Hudson to Cleveland: the Decision to Move

We continue our description of Western Reserve College’s move from Hudson to Cleveland 130 years ago. Faculty member, Edward W. Morley, chronicled the event in letters to his parents. Extracts from those letters describe the discussions leading to the decision to move and some of the reactions to that decision.

The picture is of Carroll Cutler, about whom Morley writes.

March 28, 1880
“Nothing further has been said about the removal of the college, except that Mr. Cutler has been to Cleveland to talk with some of our trustees about the probable organization of the Case School.”

May 9, 1880
“Last Wednesday was the time for Mr. Cutler’s report on the question how much it would take to move the college to Cleveland, and put it on a good footing there. He had a paper which gave satisfaction to those who are ready to see it moved; and it was put in the hands of the man, as yet unknown to us, who is asking how much will be required to do so. On Monday, tomorrow, Mr. Cutler is to read the same paper to the trustees of the Case School, the reading being at the request of those trustees, and intended to give them some notion of what a college is; some suppose it is a fine building.”

June 20, 1880
“The Common Council of Cleveland passed a resolution a few days since to appoint a committee to confer with the trustees of this college and to see how much land we should want for the college in case we move to Cleveland. Last Friday the committee met the trustees of this college and of the new Case School of Applied Science. Mr. Cutler attended. Nothing definite was done or proposed, the meeting being chiefly useful in getting the matter before the public. One thing which I think it accomplished is this: there was on the part of some of those who favor the removal to Cleveland, the idea that the college should be put about five miles from the centre of Cleveland. Against this notion Mr. Cutler had labored; the feeling developed at this meeting will settle the question in favor of a central location; which is what we judge the best.”

June 27, 1880
“A Cleveland gentleman is ready to give the college four hundred thousand dollars to increase the endowment, and one hundred thousand dollars for a building as soon as a building lot shall be secured at Cleveland.
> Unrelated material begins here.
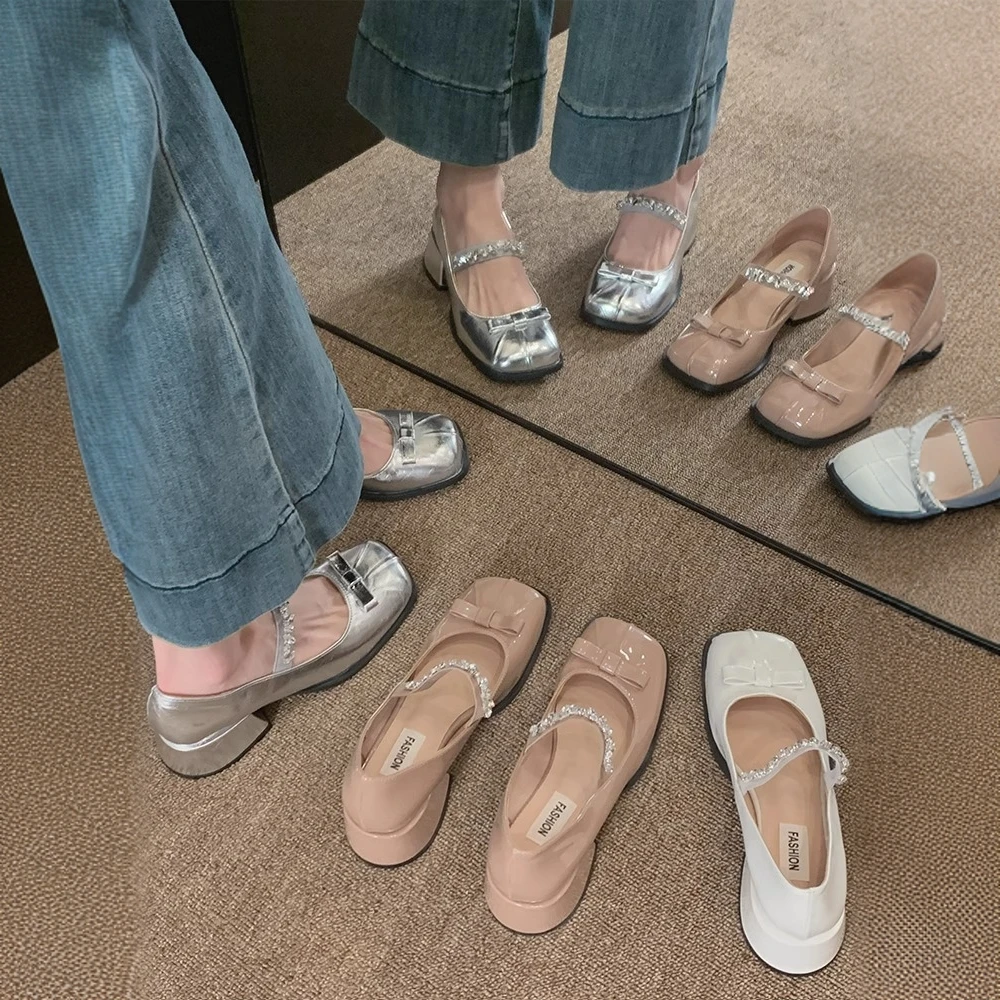 欧若风玛丽珍女鞋2025新款开春复古绝美时尚配裙子粗跟韩系小皮鞋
It is not to be made known here till after Commencement.”

September 14, 1880
“The meeting to move the college adjourned, as was the plan, on account of the absence of two trustees, who were at a good distance. They will meet next week Tuesday, and there is now no doubt that there will [be] a majority of three fourths for removal. It is likely that there will be but two against removal, and perhaps only one. There is a good deal of bitterness about it in town, but it does not seem to make much difference to us. Mr. Cutler has to take it; this is partly because the paper which he read to the trustees concerning the removal spoke a little hastily of Hudson, and gives offence. He meant to revise it before publication but gave it to the reporter without revision. The effect is that some who never lacked friendship for Mr. Cutler think the remarks he makes about Hudson are not just. But we shall go to Cleveland all the same.”

September 20, 1880
“The trustees have met today, and have voted fourteen to two and one absent, to remove the college to Cleveland. Amasa Stone give four hundred thousand dollars to add to our endowment, and one hundred thousand for building. We have to secure a site in Cleveland in six months or less. A preparatory school is to be kept up here at least five years. Mr. Cutler has not got back yet, so that I do not know all the details. But after all the somewhat acerb feelings of people in Hudson, it is good to win by so good a majority. And all the men were decided in their opinion; every man had his mind made up, except one of the men who voted not; he was not decided against it. He would have voted the other way, probably, if it had been necessary to carry the measure. So we have to plan a building, and get it built.”

Mr. Cutler was President of Western Reserve College from 1871 to 1886. Cutler’s History of Western Reserve College During Its First Half Century, unfortunately ends in 1876, so we do not have his account of these events. It is, nevertheless, an illuminating account of the college’s earliest years. Other records in the Archives document Trustee discussions and the decision to move the college.